Task prompt:
Your answer should be the lines of the material that include the word "Hotel".

┌──

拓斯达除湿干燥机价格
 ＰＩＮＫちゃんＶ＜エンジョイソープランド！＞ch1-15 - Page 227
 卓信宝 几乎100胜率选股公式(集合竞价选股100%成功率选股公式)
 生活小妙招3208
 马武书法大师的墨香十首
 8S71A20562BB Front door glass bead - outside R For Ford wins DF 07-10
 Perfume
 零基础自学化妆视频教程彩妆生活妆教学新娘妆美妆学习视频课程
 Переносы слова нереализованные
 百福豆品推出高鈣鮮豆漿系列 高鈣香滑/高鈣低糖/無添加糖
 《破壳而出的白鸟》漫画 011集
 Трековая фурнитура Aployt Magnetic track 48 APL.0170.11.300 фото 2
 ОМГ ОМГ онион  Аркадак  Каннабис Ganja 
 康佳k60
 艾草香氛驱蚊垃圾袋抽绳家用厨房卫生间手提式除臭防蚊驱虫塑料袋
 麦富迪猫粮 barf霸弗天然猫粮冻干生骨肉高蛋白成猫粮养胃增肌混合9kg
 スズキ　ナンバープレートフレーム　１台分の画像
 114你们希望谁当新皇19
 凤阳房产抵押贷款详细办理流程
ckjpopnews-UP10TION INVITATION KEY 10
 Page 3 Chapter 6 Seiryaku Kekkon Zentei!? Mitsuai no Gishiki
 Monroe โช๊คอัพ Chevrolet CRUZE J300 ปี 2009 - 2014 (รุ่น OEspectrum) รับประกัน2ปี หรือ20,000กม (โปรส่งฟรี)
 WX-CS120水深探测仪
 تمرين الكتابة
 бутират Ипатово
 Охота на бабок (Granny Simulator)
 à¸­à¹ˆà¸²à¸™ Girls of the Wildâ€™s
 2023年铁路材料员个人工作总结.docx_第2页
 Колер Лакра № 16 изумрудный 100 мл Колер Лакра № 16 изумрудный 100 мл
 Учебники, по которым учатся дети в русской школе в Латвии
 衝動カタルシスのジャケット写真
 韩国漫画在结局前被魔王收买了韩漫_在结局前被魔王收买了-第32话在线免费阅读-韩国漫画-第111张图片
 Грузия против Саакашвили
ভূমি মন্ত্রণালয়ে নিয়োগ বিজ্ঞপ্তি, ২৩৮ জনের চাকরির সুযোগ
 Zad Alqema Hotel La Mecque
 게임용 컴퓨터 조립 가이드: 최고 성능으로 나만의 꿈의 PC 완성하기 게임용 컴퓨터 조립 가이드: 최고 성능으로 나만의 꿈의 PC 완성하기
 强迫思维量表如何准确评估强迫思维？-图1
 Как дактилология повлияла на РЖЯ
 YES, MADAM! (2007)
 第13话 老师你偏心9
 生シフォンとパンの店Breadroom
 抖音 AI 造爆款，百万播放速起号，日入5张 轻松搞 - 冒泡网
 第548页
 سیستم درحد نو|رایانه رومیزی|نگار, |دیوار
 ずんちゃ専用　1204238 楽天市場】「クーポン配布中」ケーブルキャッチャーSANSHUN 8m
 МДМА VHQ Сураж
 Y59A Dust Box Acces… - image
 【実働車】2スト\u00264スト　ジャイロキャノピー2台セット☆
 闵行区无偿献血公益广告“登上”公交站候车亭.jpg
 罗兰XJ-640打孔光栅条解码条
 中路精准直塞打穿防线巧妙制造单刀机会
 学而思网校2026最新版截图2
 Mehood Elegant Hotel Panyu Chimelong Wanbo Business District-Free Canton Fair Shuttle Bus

└──

Exercise output:
 Zad Alqema Hotel La Mecque
 Mehood Elegant Hotel Panyu Chimelong Wanbo Business District-Free Canton Fair Shuttle Bus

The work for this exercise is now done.